The apparatus consists of elctromagentic and hadronic calorimeters,
and an inner tracking system, which will consist of a silicon detector
based on MAPS (Monolithic Active Pixel Sensors), followed by an
Intermediate Tracker (INTT), and then by a TPC. With the exception of
the INTT, which is based on the former PHENIX Forward Vertex Detector
and also re-uses the readout technology, both the MAPS detector and
the TPC introduce new readout hardware and strategies.

In order to achieve high event rates, the TPC needs to be read out in
continuous, or streaming, mode, without the use of a gating grid. The
resulting continuously sampled waveforms of the TPC sensors must then
be processed and correlated with the actually triggered events of the
full detector.

The TPC using the ALICE Sampa ASIC. We will be using a card in use in
the ATLAS experiment, called "FELIX", which is PCIe-based and
has a large number (up to 48) of duplex fiber inputs to connect to the
front-end cards, and a powerful FPGA for waveform processing.

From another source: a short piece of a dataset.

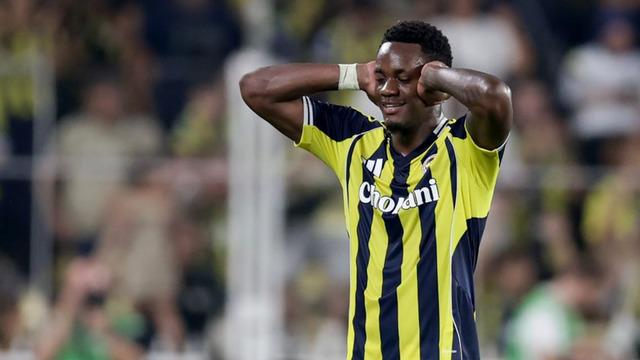 Fenerbahçe’nin golcü oyuncusu Jhon Duran’ın sözleşmesi için inanılmaz iddia! Özel sözleşme yapılmış…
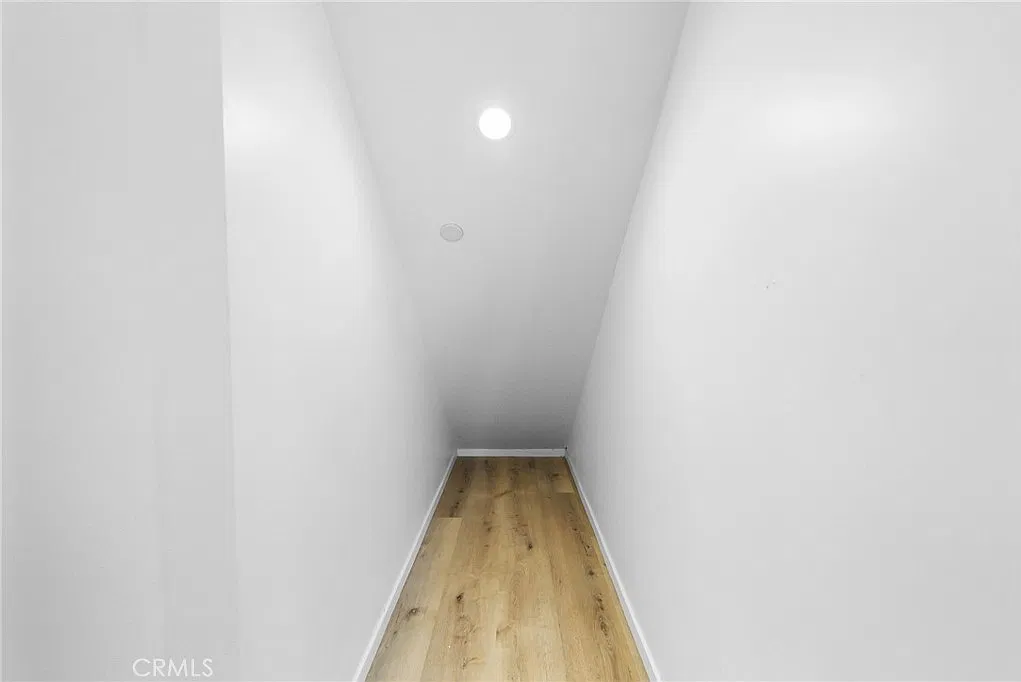 3 bed, 1257 sqft, $3,620 — Photo 3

The MAPS detector will use the FELIX card for its readout as well.

We will present the envisioned design of the streaming readout, and
explain the challenges with the high data rates generated by this
readout method, which is likely to exceed 80 GBit/s. We will show the
design of our data acquisition to cope with those data rates, and
present the status of the ongoing R&D. Since many future experiments
are looking info streaming, trigger-less readout technologies, we will
put some emphasis on the still-evolving design of this aspect of the
readout.